How to use LAPINE
All LAPINE code must be run in the Conda virtual environment built during the installation process. However, as an exception, the network embedding process must be executed in the BioNev virtual environment. Please execute the python files in the order described below.
1.Download data
Run data_downlaod.py in your virtual python environment (above 3.7.2) constructed by conda to download all necessary files from the public database.
(.venv) python data_download.py
2.Network construction
Run network.py to parse network data from protein-protein interactions from the STRING database, and chemical-protein interactions from the STITCH database.
(.venv) python network.py --threshold 700
parameters
threshold : This parameter determines the threshold for the reliability of information included in STRING and STITCH databases. Only interactions with a confidence score higher than the parameter is used in the analysis. Therefore, a high parameter value means the use of limited high-reliability information only. The range of parameters is from 0 to 1000.
3.Network embedding
Run the following command in the BioNEV environments (python 2.7) to generate the embedding of the constructed network.
(.venv) conda activate bionev
(bionev) bionev --input './result/network.edgelist' --output './result/emb.txt' --directed True --method 'node2vec' --dimension 128 --p 4 --q 0.5
parameters
input : path of input file (do not change)
output : path of output file (do not change)
directed : consider network as the directed network (do not change)
method : name of algorithm for the network embededing. The default value is ‘node2vec’ which is optimized by cross-validation. See the links at the bottom of this section for other options.
dimension : the dimensions of embedding for each node. The default value is 128 which is optimized by cross-validation. The recommended parameter range is 16 to 512.
p, q : two parameters that control the biased random-walk procedure. A high p value ensures that the walker is less likely to visit the just visited node. A high q value ensures that the walker is more likely to visit the node which is close to the node walker just passed. The default values of p, q are 4 and 0.5 which is optimized by cross-validation. The recommended parameter range is 1/4 to 4.
more details are available at https://github.com/xiangyue9607/BioNEV
4.ADR-protein relation prediction
Run model.py to predict the association score between ADRs and proteins.
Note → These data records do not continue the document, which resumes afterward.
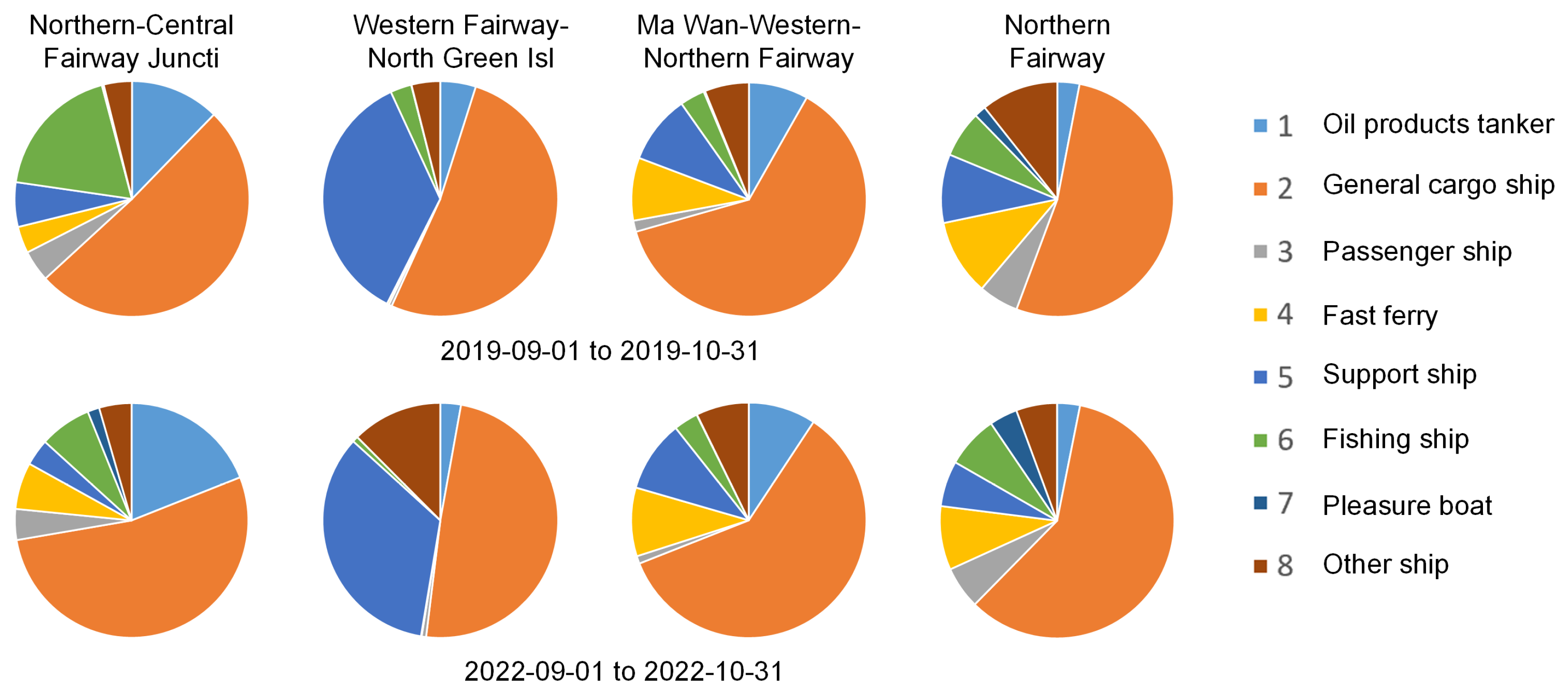 Mathematics 13 02961 g006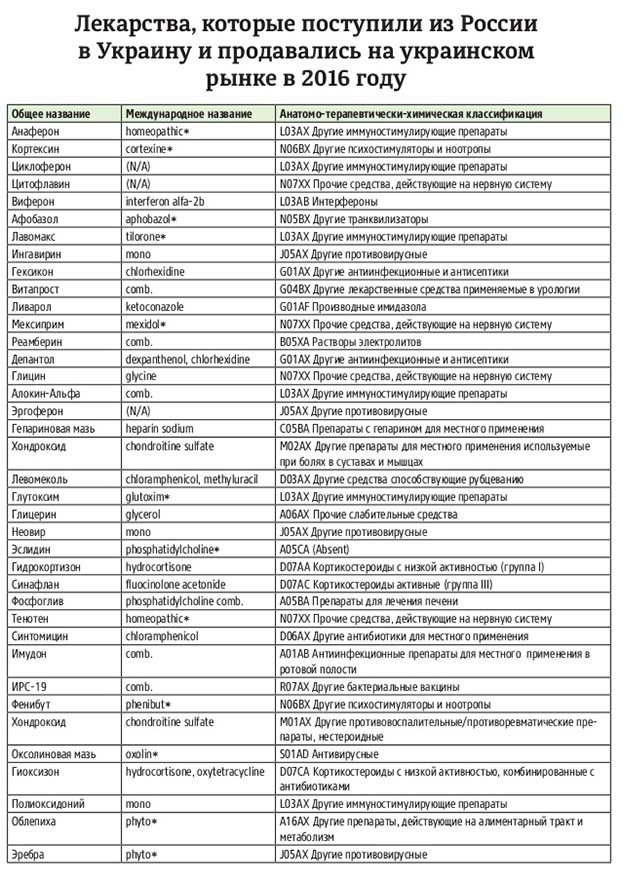 список российских лекарств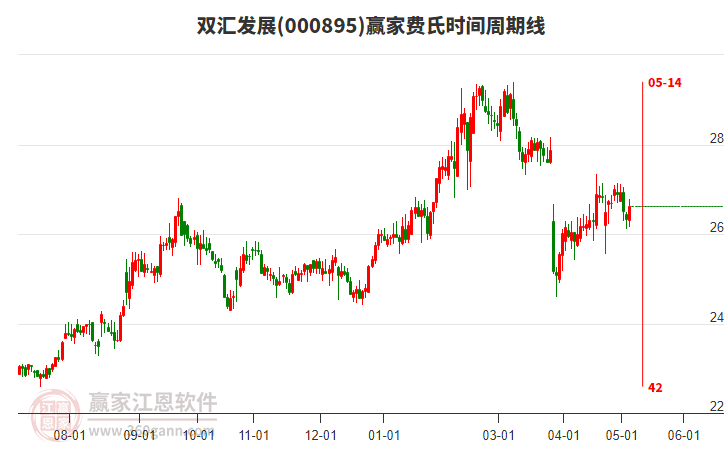 双汇发展股吧最新消息汇总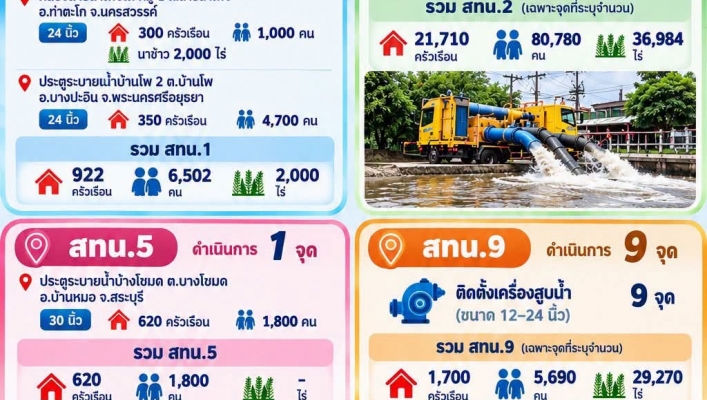 สรุปรายงานผลการช่วยเหลือภาวะวิกฤตน้ำท่วม ประจำวันที่ 15 ตุลาคม 2569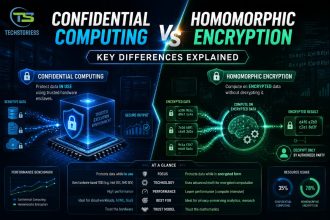 Confidential Computing vs Homomorphic Encryption Key Differences Explained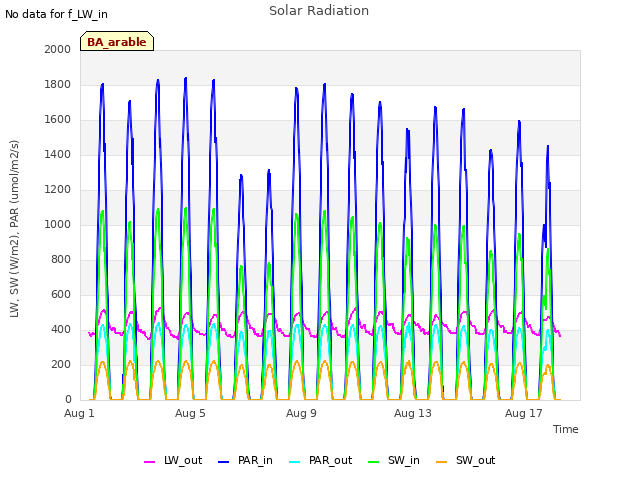 Explore the graph:Solar Radiation in a new window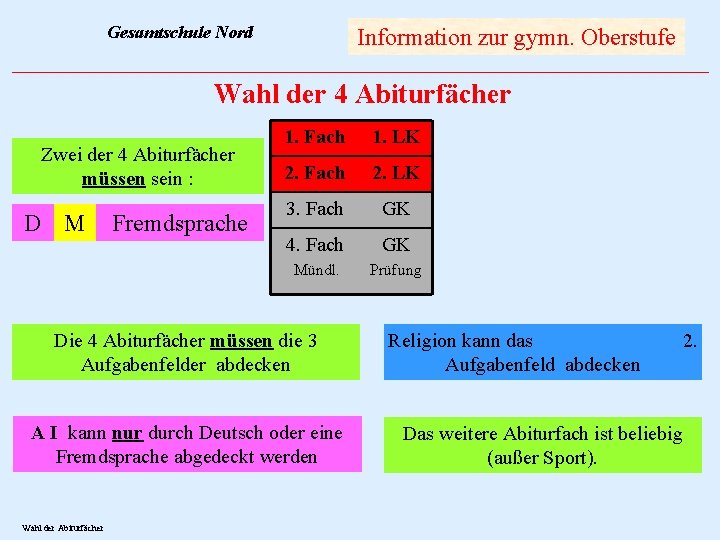 Gesamtschule Nord Information zur gymn. Oberstufe Wahl der 4 Abiturfächer Zwei der 4 Abiturfächer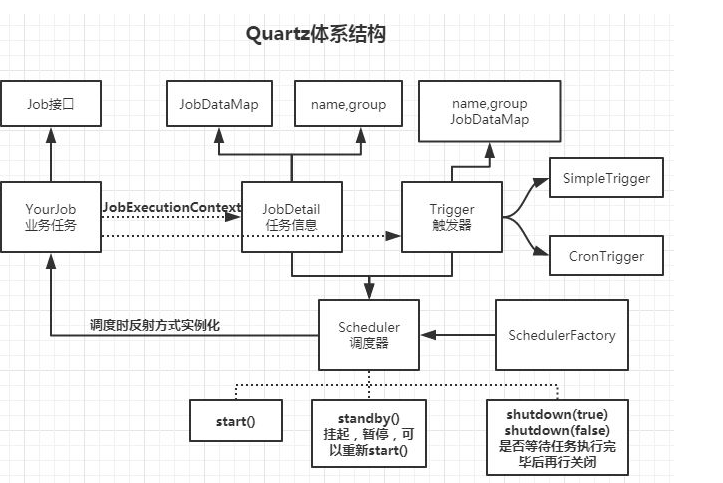 Spring Quartz配置详解,Spring Quartz配置教程 第3张 Spring Quartz配置详解,Spring Quartz配置教程 第3张
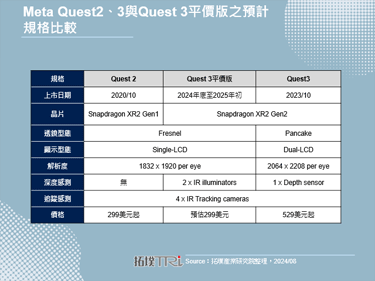 Meta將AI助理導入Quest系列，持續打造AI應用生態圈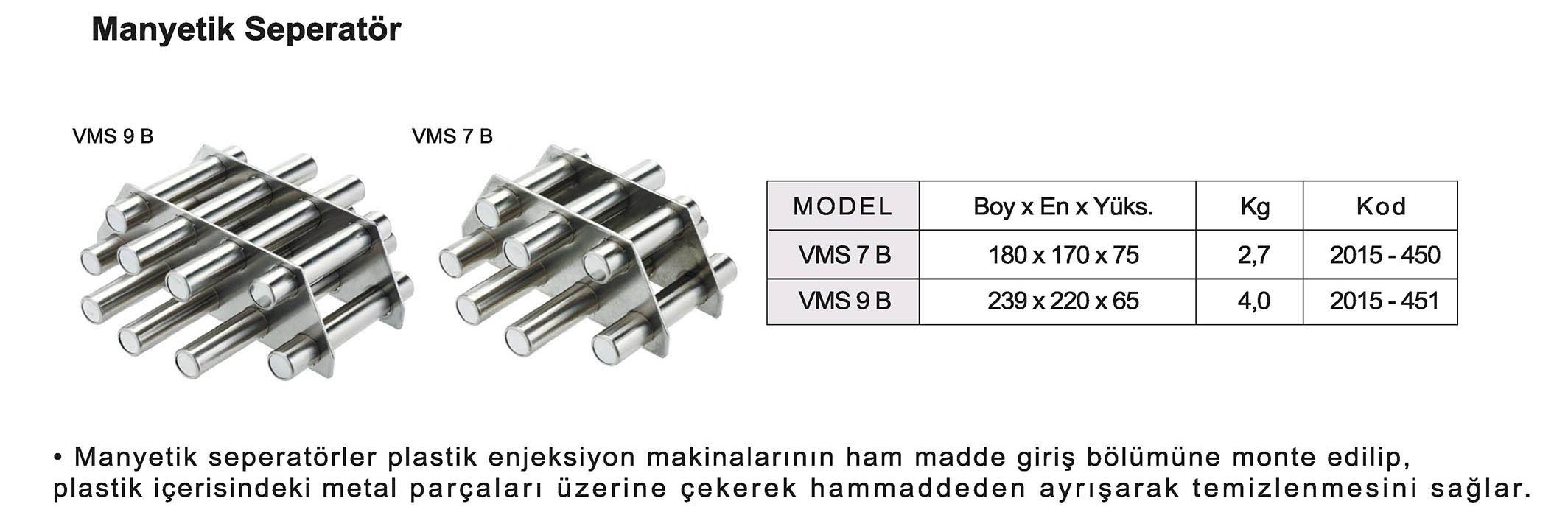Tuğra Teknik Hırdavat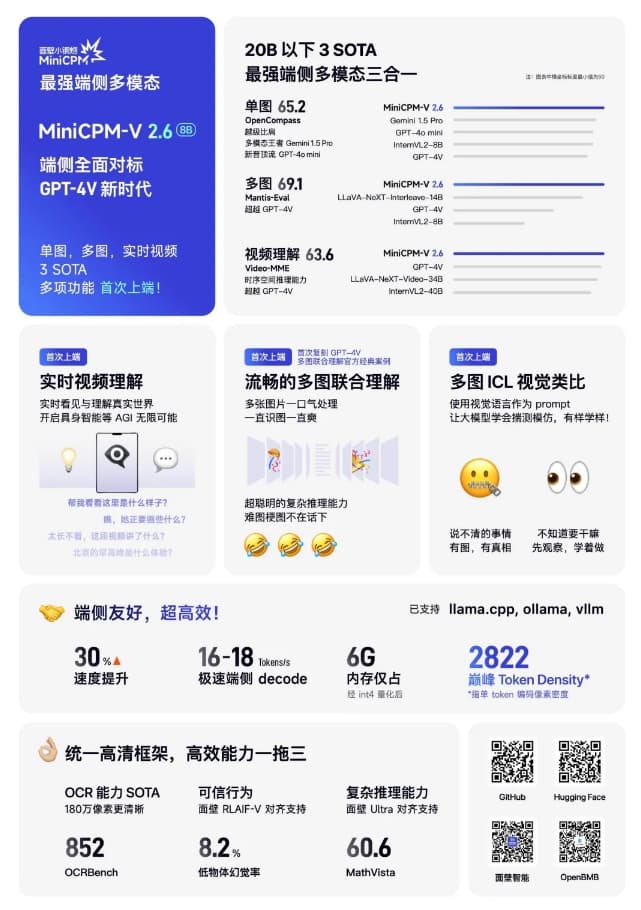 面壁智能開源 MiniCPM-V 2.6 端側AI多模態能力對標GPT-4V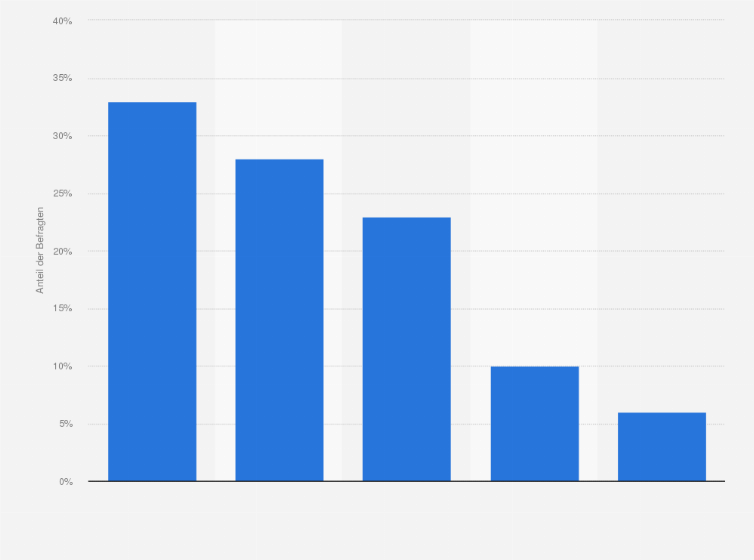 Statistik: Welches Endgerät verwenden Sie zum Online-Kauf hauptsächlich?
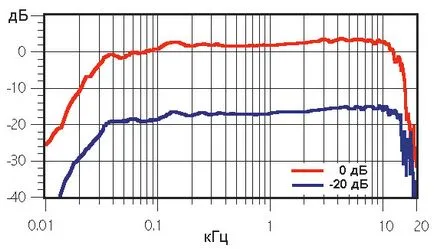 Zenei központok Samsung mm-ZB7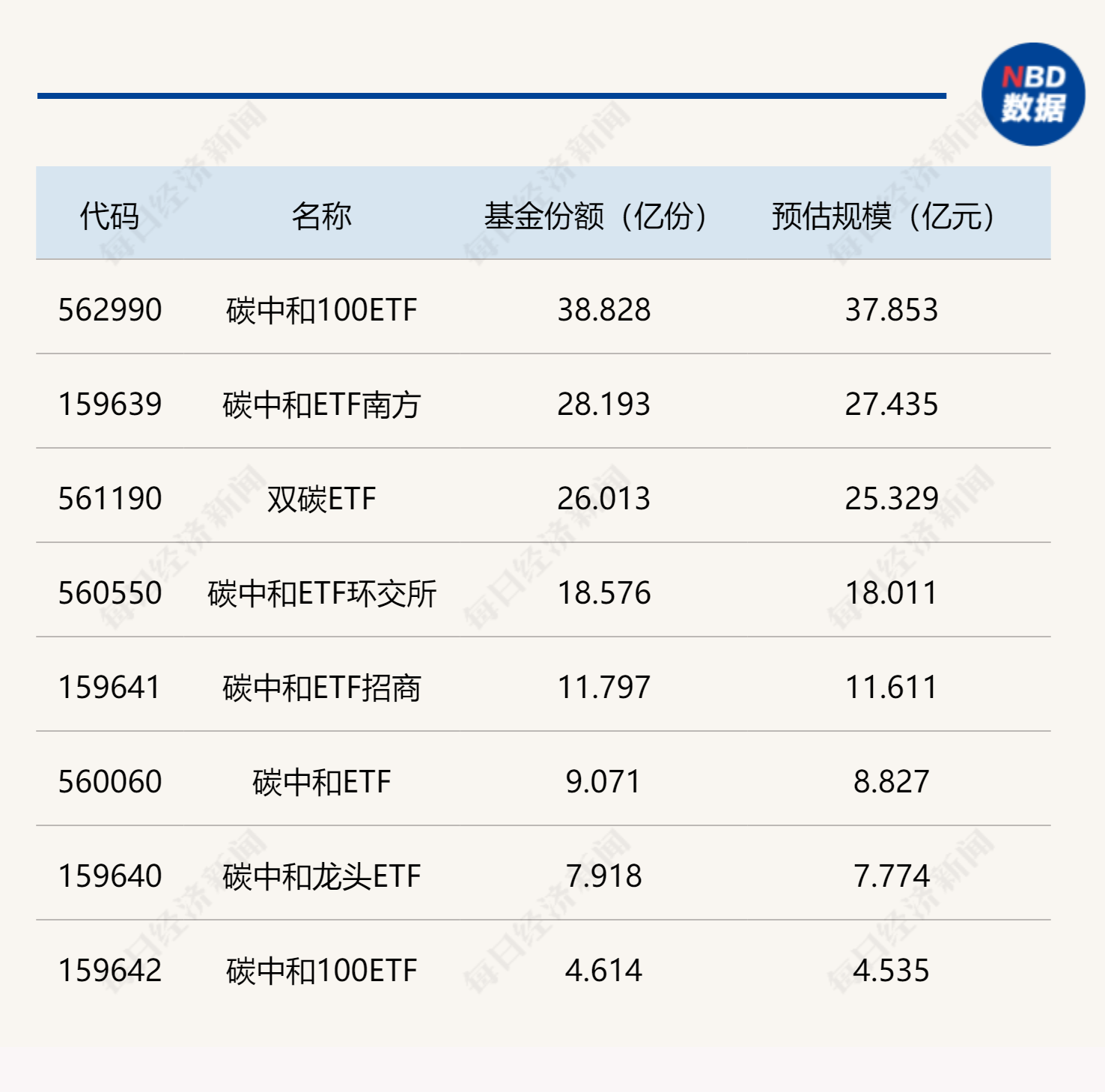 首批8只跟踪中证上海环交所碳中和指数的ETF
(.venv) python network.py --regularization 0.1 --threshold 700
parameters
regularization : Inverse of regularization strength of logistic regression, smaller values specify stronger regularization; must be a positive float. The default value is 0.1 which is optimized by cross-validation. The recommended parameter range is 0.01 to 1.
threshold : This parameter determines the threshold for the reliability of information included in STRING and STITCH databases. It must be the same or larger value used in network.py. Larger values allow you to selectively obtain less relation scores between ADRs and proteins that appear only in interactions with high confidence scores.(recommended to use the same value used in network.py)
Output
The output file predictions.csv contains scores for the associated ADRs (columns) for each protein (row).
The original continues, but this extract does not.